The bill guarantees higher pay and enforceability for employees who work federal holidays, benefiting workers’ incomes and remedies, but it raises costs and legal risks for employers and leaves some worker categories excluded.
Employees who work on federal legal public holidays will receive at least time-and-a-half pay, increasing take-home pay for holiday work.
Workers will be able to recover unpaid holiday premium pay through existing FLSA private actions, enabling collective and individual wage claims with potential liquidated damages.
State and local governments (and the workers they cover) can continue to maintain or require higher holiday pay than the federal floor, preserving stronger local protections.
Small-business owners who operate on federal holidays will face higher labor costs because holiday work must be paid at 1.5x, increasing operating expenses.

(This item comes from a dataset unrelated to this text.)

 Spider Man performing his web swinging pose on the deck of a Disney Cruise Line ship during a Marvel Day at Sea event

Employers (especially smaller ones) will face greater litigation exposure and potential backpay plus liquidated damages for unpaid holiday pay, raising legal risk and compliance costs.

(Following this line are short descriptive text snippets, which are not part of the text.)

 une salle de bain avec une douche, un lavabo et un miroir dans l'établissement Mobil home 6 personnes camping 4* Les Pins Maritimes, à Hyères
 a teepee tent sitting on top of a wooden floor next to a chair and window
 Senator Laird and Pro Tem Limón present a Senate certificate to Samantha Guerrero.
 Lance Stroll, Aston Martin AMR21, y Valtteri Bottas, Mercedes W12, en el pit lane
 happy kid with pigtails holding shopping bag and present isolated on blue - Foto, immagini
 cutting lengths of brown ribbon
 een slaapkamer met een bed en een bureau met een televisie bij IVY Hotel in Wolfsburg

Some categories of workers remain exempt under the updated §213(f), so certain employees will not receive the new holiday premium, producing uneven coverage.

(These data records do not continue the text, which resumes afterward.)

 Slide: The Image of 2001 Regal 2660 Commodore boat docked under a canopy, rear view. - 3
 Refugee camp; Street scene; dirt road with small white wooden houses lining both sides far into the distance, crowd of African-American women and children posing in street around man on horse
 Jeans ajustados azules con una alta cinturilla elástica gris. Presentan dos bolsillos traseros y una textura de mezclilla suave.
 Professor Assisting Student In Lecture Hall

Based on analysis of 2 sections of legislative text.
Introduced February 12, 2026 by Ruben Gallego · Last progress February 12, 2026
Requires employers covered by the Fair Labor Standards Act (FLSA) to pay employees at least one-and-one-half times their regular rate for work performed on "legal public holidays" (as defined by federal law). Treats unpaid holiday pay the same as unpaid minimum-wage and unpaid overtime claims for enforcement, penalties, and remedies under existing FLSA procedures, while preserving any higher state or federal holiday-pay rules and exempting certain employer categories already excluded under current FLSA provisions. Uses existing FLSA enforcement tools and penalties (no new agency or appropriation). The bill also makes multiple conforming edits across the FLSA, repeals one statutory provision, and adjusts the Portal-to-Portal statute of limitations to include holiday-pay claims, likely increasing employer payroll costs, administrative compliance, and potential litigation or enforcement actions.